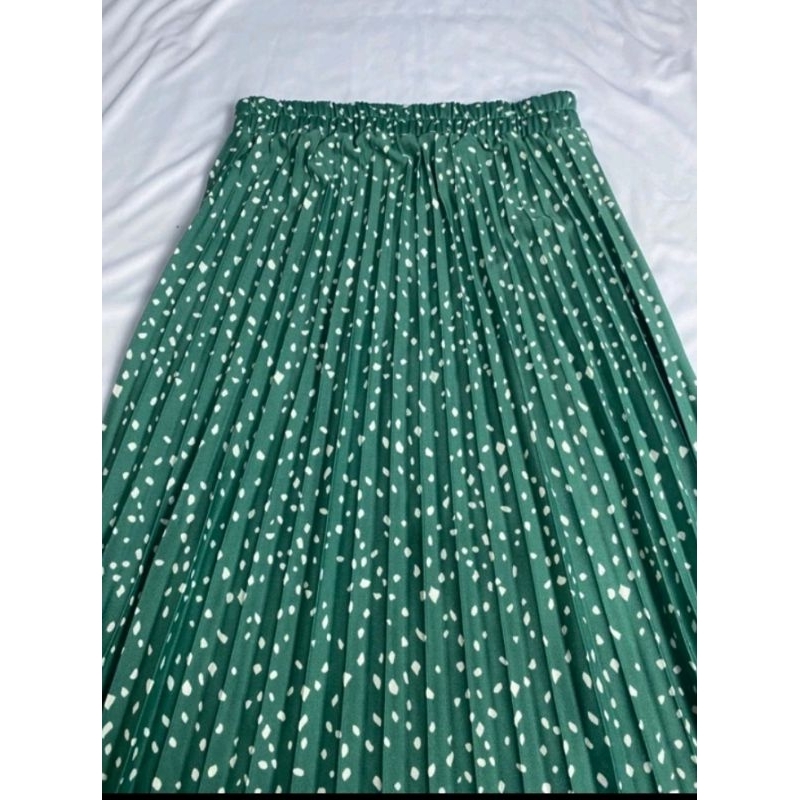 Rok Plisket Motif Terbaru Bintik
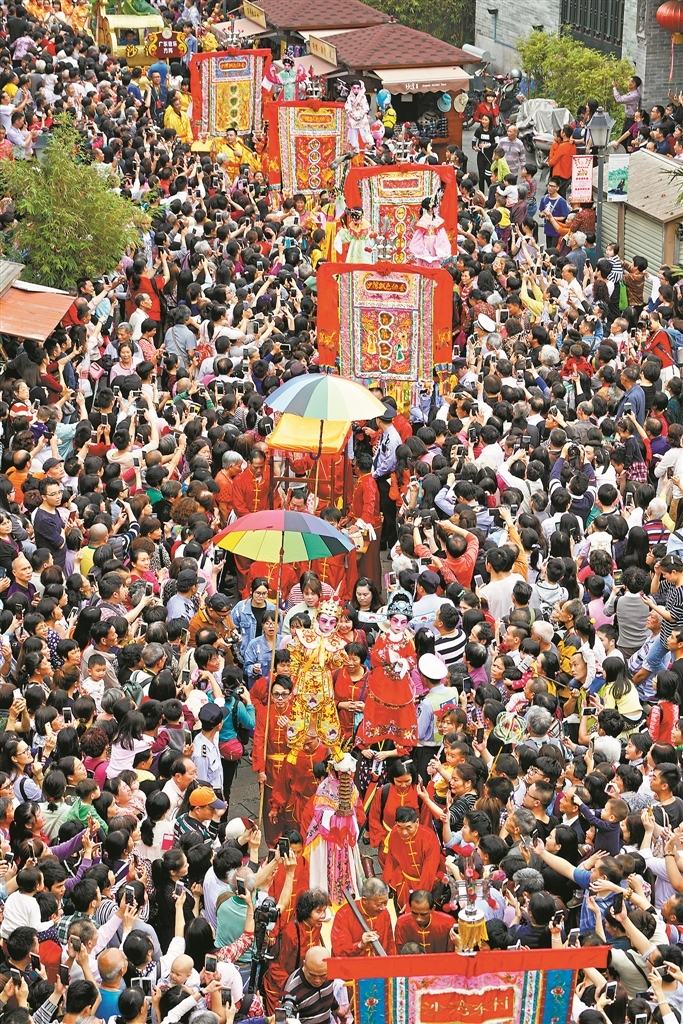 飘色巡游,观者如云。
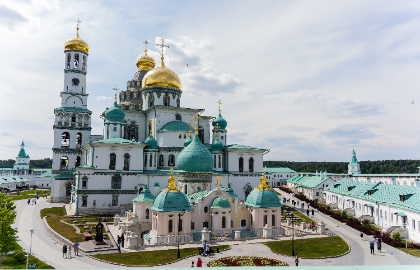 Звенигород – Новый Иерусалим Саввино-Сторожевский монастырь – Царицыны палаты – Ново-Иерусалимский монастырь – выставка «Разсадник изразцового дела» (1 день)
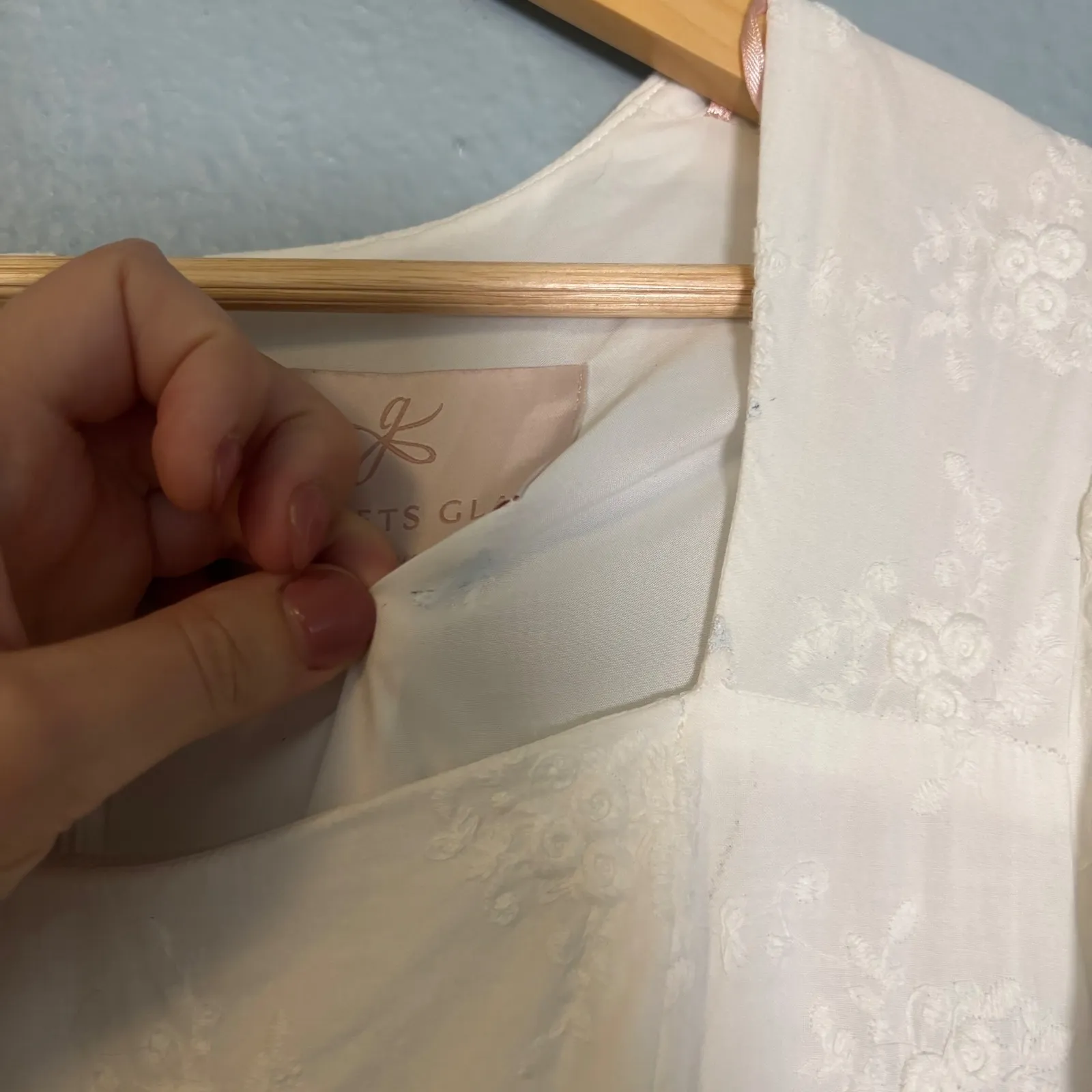 Gal Meets Glam Violetta White Embroidered Midi Dress‎ Size 12 Petite Party Grad - Image 6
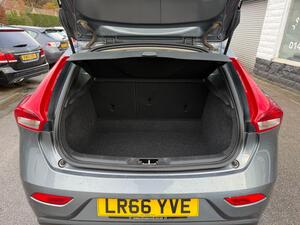 Volvo V40 2.0 D2 Inscription Hatchback 5dr Diesel Manual EURO 6 (s/s) (120 PS)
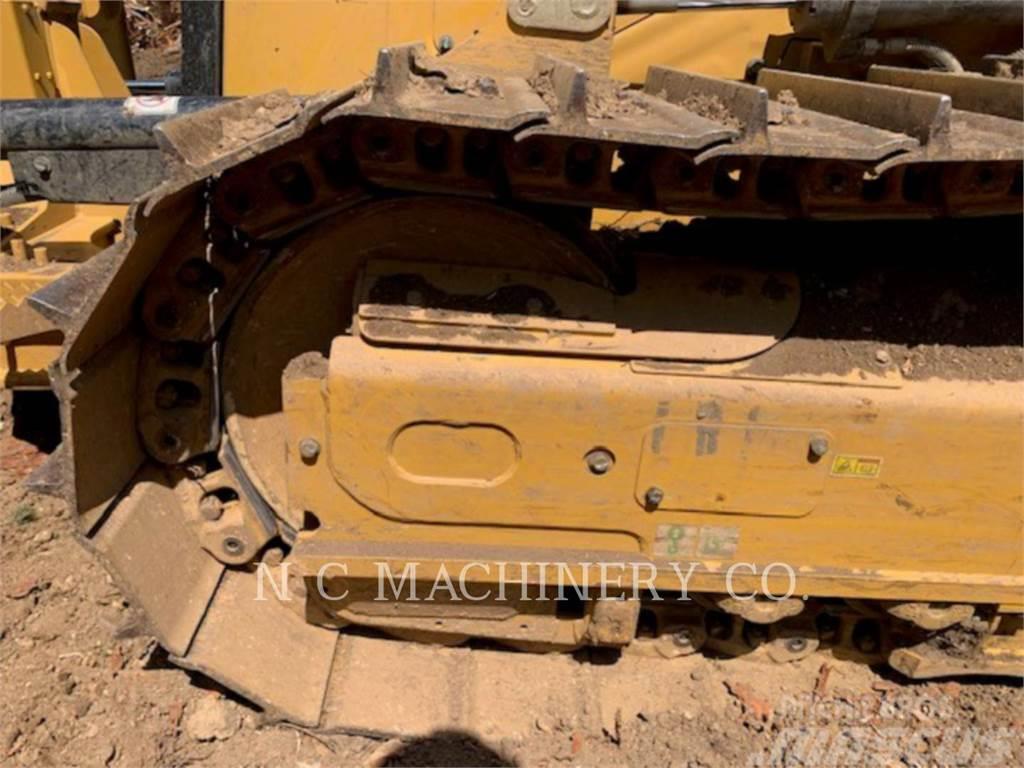 CAT D3 Buldozer sobre oruga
--- --- ---
What is required
Retype, word for word, only the lines from the line with "Звенигород – Новый" to the final line of the listing above; the pictures do not belong in the copy.

Answer to the exercise
 Звенигород – Новый Иерусалим Саввино-Сторожевский монастырь – Царицыны палаты – Ново-Иерусалимский монастырь – выставка «Разсадник изразцового дела» (1 день)
 Gal Meets Glam Violetta White Embroidered Midi Dress‎ Size 12 Petite Party Grad - Image 6
 Volvo V40 2.0 D2 Inscription Hatchback 5dr Diesel Manual EURO 6 (s/s) (120 PS)
 CAT D3 Buldozer sobre oruga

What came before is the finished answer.